Blog Post #4 by Monica K. Garber: In remembrance of poet and activist Laura Hershey

1 Dec

http://feministing.com/2010/11/30/in-remembrance-of-poet-and-activist-laura-hershey/

Monica K. Garber
Professor Lauren Petrino
Introduction to Women’s Studies
Blog Post #4

I chose the article in the Feministing blog “In remembrance of poet and activist Laura Hershey” by Miriam. It is a very heart felt tribute in honor of Laura Hershey, a poet and disability rights activist who passed away this past weekend. Laura was a talented poet, passionate activist, mother and partner. Laura was disabled throughout her life and the blog features an interview which she did that was featured on Feministing back in 2007. Laura said “I do not want people to think of disability in terms of charity. It’s a matter of justice.
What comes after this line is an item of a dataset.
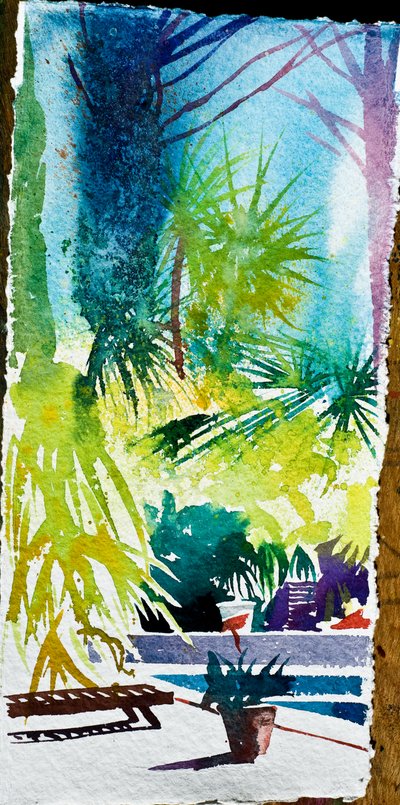 Garden in the South I by Simon Fletcher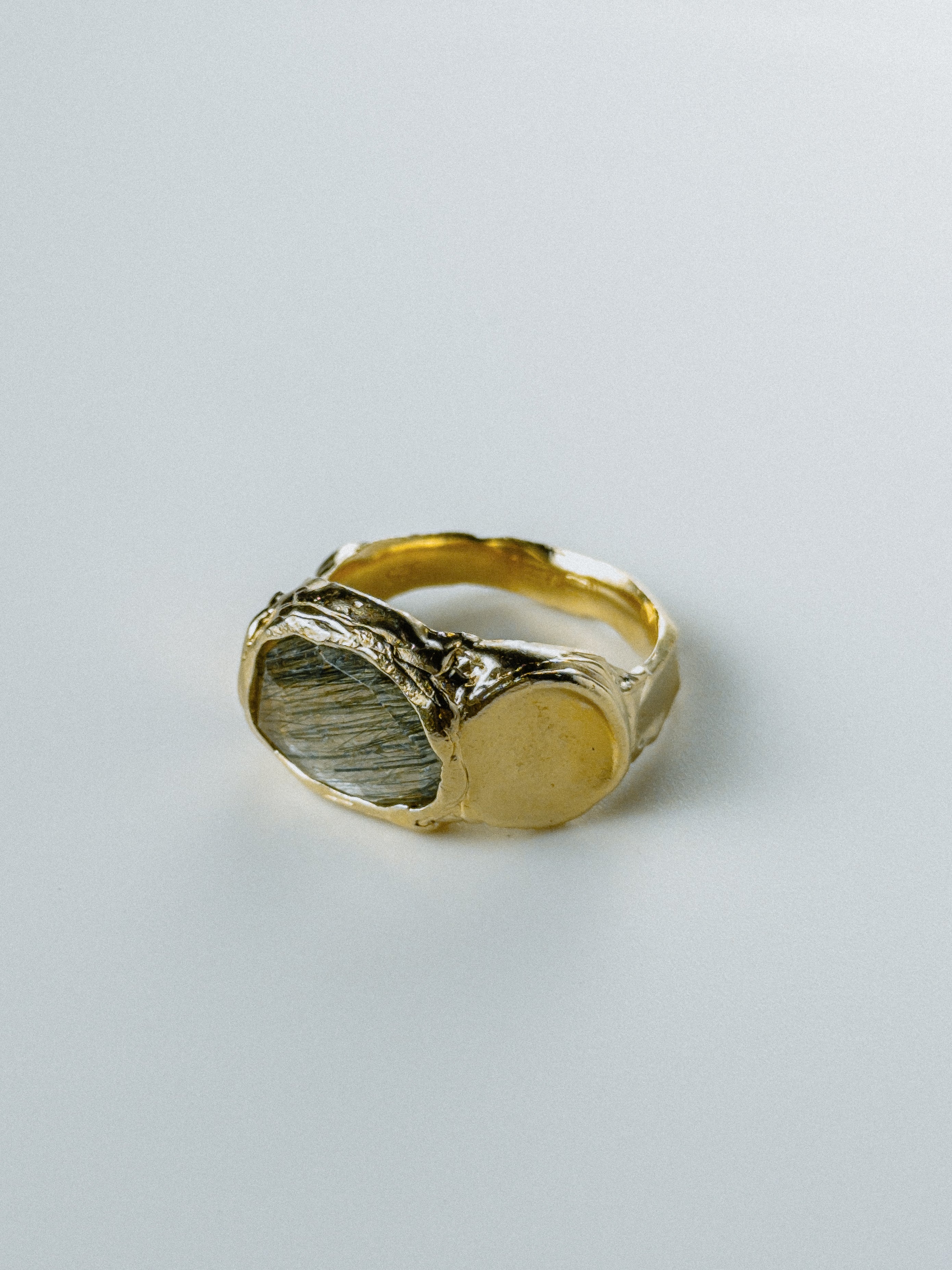 Gold Green Rutile N°167 🄼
All people have rights and we have to ensure that those rights are truly available to people.” When we think of a disabled person, we immediately pity them in our minds because we know that they are not the same as people without any disabilities. People with disabilities are just like everyone else, only they cannot do some of the same things. They should always be entitled to the same equal rights and liberty as everyone else in United States. The sad reality is that both men and women with disabilities face unequal treatment by others, unemployment, and lack having access to healthcare.
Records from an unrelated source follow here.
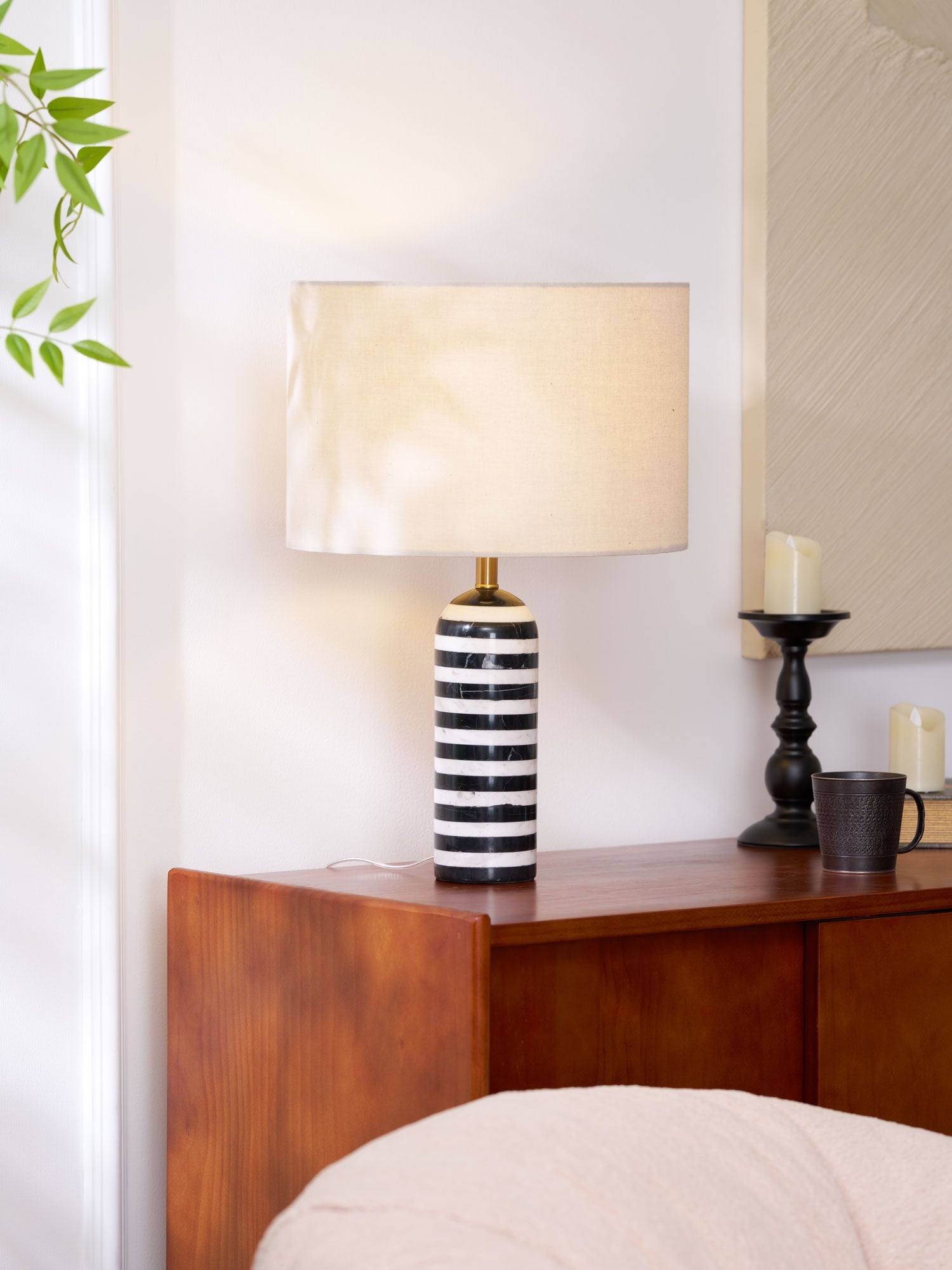 Tuxedo Marble Table Lamp - Blowlighting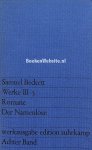 Beckett, Samuel - Samuel Beckett Werke III-3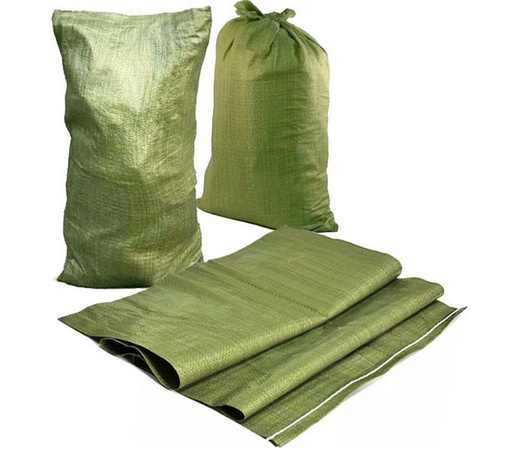 PP construction bag, green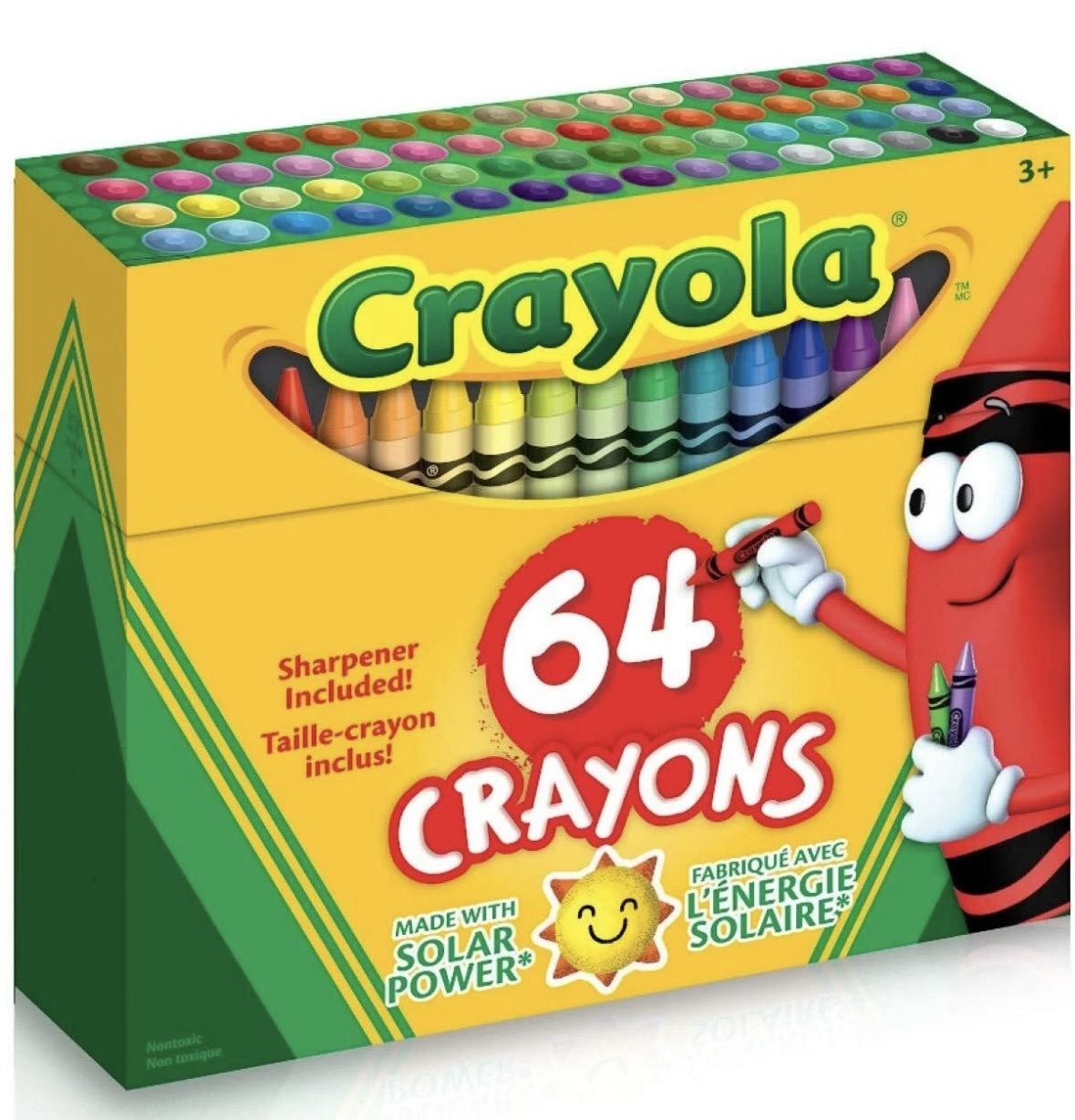 Crayola Crayons Assorted Colors 64 Count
In one of our past assigned readings titled “The Social Construction of Disability” by Susan Wendell, she discusses how biological and social interaction create disability. She sees disability “as socially constructed in ways ranging from social conditions that straightforwardly create illnesses, injuries, and poor physical functioning.” An example of this would be a little boy who is abused by his parents growing up which turns into a man who consumes a lot of alcohol to ease his psychological stress. This in turn makes him an alcoholic which in turn makes his liver sick and he eventually becomes very sick. It is a bad cycle which stems from making poor decisions in life.
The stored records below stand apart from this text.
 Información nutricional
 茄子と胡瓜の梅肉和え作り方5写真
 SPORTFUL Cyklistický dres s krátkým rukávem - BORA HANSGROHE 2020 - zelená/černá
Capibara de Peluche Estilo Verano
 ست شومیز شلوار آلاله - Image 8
I think that people who are born with disabilities ought to be treated just as equally as everyone else around them. It is not their fault that they were born a certain a way. As for people who become disabled due to their poor life style or poor decision making, shame on them. Your life is in your own hands, so if you choose to consume a large amount of alcohol and insist on getting behind the wheel of your car and getting into an accident, shame on you. Every day, we make choices that will affect our lives in the future and the lives of everyone else around us. A drunk driver can not only leave themselves paralyzed for the rest of their life, but they might also make the person in the car which they crash into paralyzed for the rest of their life. People must always think before they act.